■ **TO DO**: Transcribe the listing underneath, keeping each word exact and omitting the images.

■ **RECORDED INFORMATION**:
☆ ☆ ☆

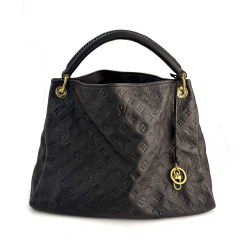 Louis Vuitton Artsy Leather Empreinte Hobo Shoulder Bag Navy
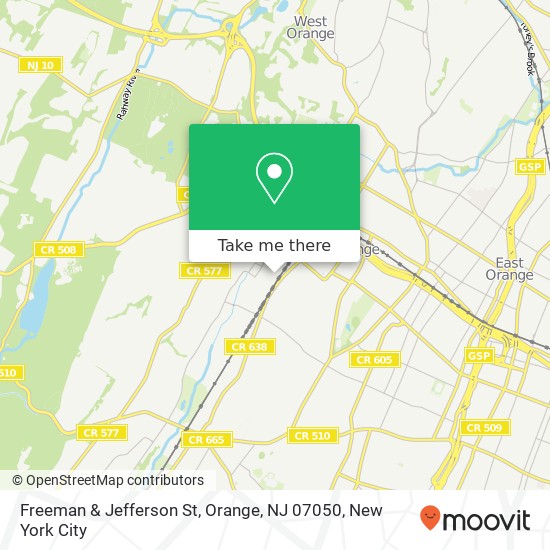 Mapa de Freeman & Jefferson St, Orange, NJ 07050
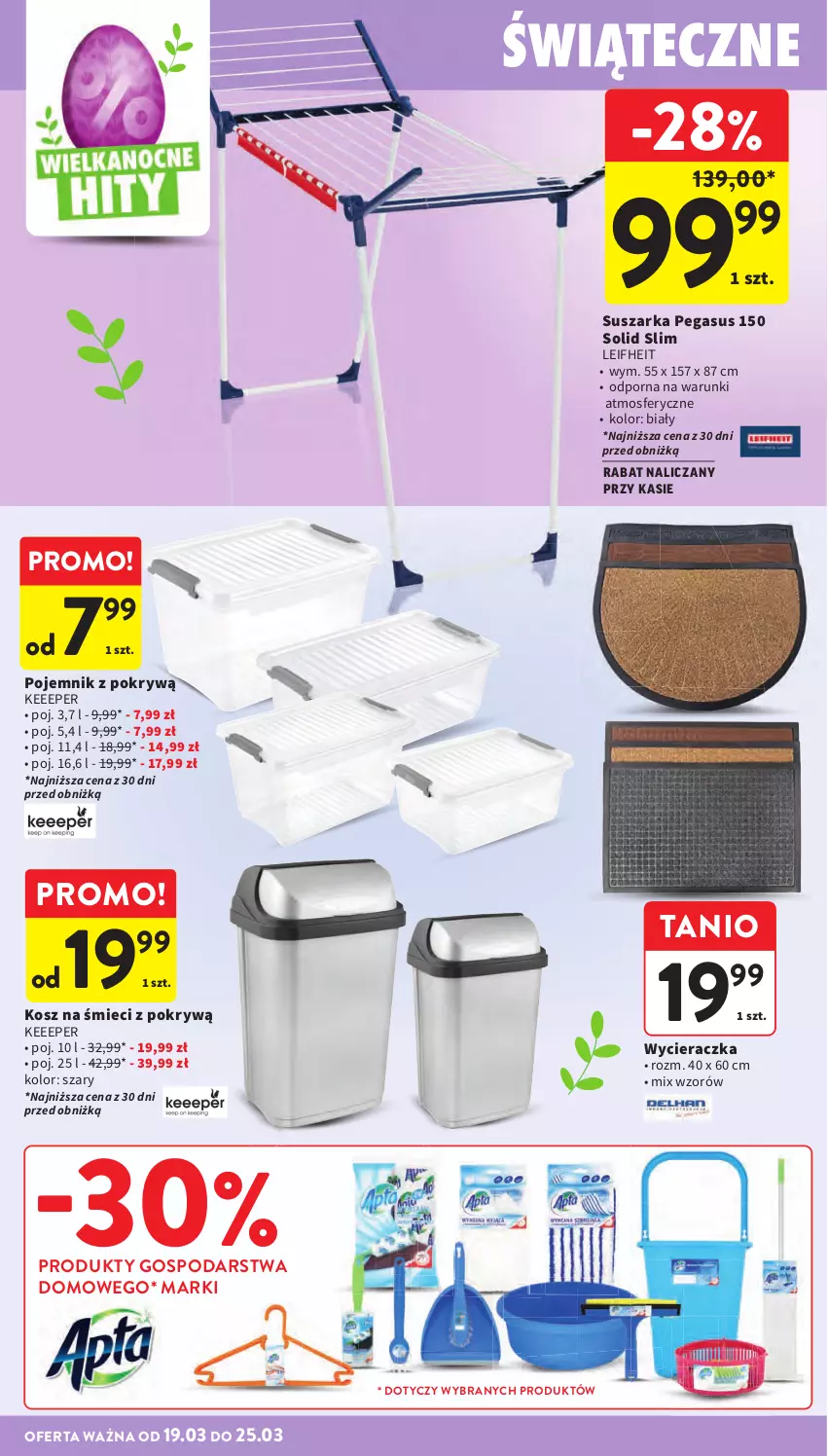 Gazetka promocyjna Intermarche - Gazetka promocyjna - ważna 19.03 do 25.03.2026 - strona 44 - produkty: Asus, Kosz, Pojemnik, Por, Suszarka, Wycieraczka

☆ ☆ ☆

■ **PROBLEM SOLUTION**:
 Louis Vuitton Artsy Leather Empreinte Hobo Shoulder Bag Navy
 Mapa de Freeman & Jefferson St, Orange, NJ 07050
 Gazetka promocyjna Intermarche - Gazetka promocyjna - ważna 19.03 do 25.03.2026 - strona 44 - produkty: Asus, Kosz, Pojemnik, Por, Suszarka, Wycieraczka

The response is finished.